TASK INPUT →
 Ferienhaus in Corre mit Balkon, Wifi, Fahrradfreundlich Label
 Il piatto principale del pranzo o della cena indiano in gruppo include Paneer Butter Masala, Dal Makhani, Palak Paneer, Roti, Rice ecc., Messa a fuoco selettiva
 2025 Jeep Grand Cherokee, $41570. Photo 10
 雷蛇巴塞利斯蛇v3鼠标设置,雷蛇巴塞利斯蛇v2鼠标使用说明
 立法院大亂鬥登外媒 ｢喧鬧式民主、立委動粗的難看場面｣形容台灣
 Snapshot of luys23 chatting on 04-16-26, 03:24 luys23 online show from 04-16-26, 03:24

PROBLEM STATEMENT →
When the material above has been read, copy all of it exactly.

WRITTEN ANSWER →
 Ferienhaus in Corre mit Balkon, Wifi, Fahrradfreundlich Label
 Il piatto principale del pranzo o della cena indiano in gruppo include Paneer Butter Masala, Dal Makhani, Palak Paneer, Roti, Rice ecc., Messa a fuoco selettiva
 2025 Jeep Grand Cherokee, $41570. Photo 10
 雷蛇巴塞利斯蛇v3鼠标设置,雷蛇巴塞利斯蛇v2鼠标使用说明
 立法院大亂鬥登外媒 ｢喧鬧式民主、立委動粗的難看場面｣形容台灣
 Snapshot of luys23 chatting on 04-16-26, 03:24 luys23 online show from 04-16-26, 03:24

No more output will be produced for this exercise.